What is "preferential treatment"? Since state law already bans discrimination on the basis of race and gender, the only new element of I-200 is the prohibition of "preferential treatment." The attorney general properly points out that the initiative "does not define the term `preferential treatment.' " The coy but quite deliberate omission of any such definition will permit opponents of affirmative action to argue - after the election - that virtually any form of affirmative action is forbidden by I-200. But that, of course, is not what they are saying now.

Does I-200 permit targeted recruitment? Proponents of I-200 publicly insist that targeted recruiting is not covered; a college, for example, could deliberately send recruiters to a predominantly non-white high school. But that is what supporters of California's Proposition 209 said until it passed; today, California's Gov. Pete Wilson insists that even recruiting women or minorities is illegal.

What if gender or race is relevant to someone's qualification? Washington court rules require that when parents with children get divorced, they must take parenting classes; under those rules, there must be two teachers, one a man and one a woman. Only women are eligible for education programs on the dangers of drug and alcohol use during pregnancy. The reason for such common-sense practices is obvious; whether I-200 would permit them is not.

How does I-200 apply to equally qualified applicants? In the Voters Pamphlet, the sponsors insist that I-200 will forbid "only those programs that use race or gender to select a less qualified applicant over a more deserving applicant." Often, however, there are no meaningful differences between the qualifications of competing applicants.

Does the anti-preference clause require, permit or facilitate discrimination? Initiative 200 forbids discrimination as well as preferences. In practice, gender- or race-conscious action is at times needed to stop discrimination. For example, if a court finds that an employer has systematically paid women less than men, it will order that the women be given a raise. If I-200 forbids such an order, then it would facilitate intentional discrimination against women, even where that discrimination itself would violate I-200.

Does I-200 apply to Indian tribes? I-200 forbids preferential treatment for any "group." State laws are full of provisions that treat local Indian tribes differently than, say, the Sons of Norway. The state, for example, will enter into compacts with a tribe concerning the operation of a casino, although state law does not permit such agreements with any other group. If a tribe is a "group," I-200 would wreak havoc with the state's relationships with the tribes, ending, for example, the state's ability to negotiate regulations of casinos. On the other hand, if a tribe is not a "group," then I-200 would not apply to affirmative action benefiting tribal members.
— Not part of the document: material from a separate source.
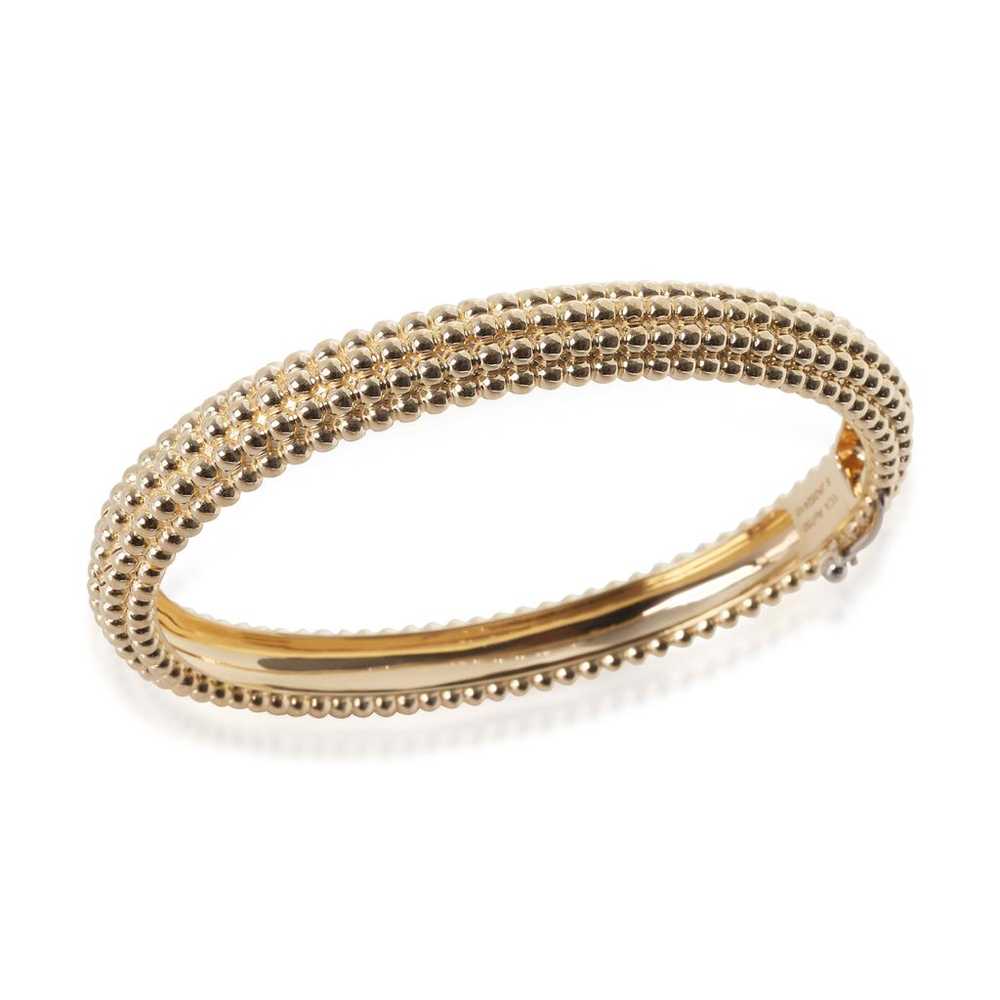 Van Cleef & Arpels Perlée yellow gold bracelet - image 3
Initiative 200 violates the most fundamental principles of an Initiative - that the voters should decide. Whatever else the voters may do on Nov. 3, we will not be deciding any of these questions. A vote for I-200 is not a vote for, or against, any particular answer to any of these or countless other questions - it would, rather, be a vote to transfer responsibility for such fundamental decisions from three million voters to a handful of lawyers and judges. Excellent lawyers on both sides, to be sure, and outstanding judges, but not the people who ought to be determining what types of affirmative action policies are best for the state of Washington.

Eric Schnapper is a UW law professor.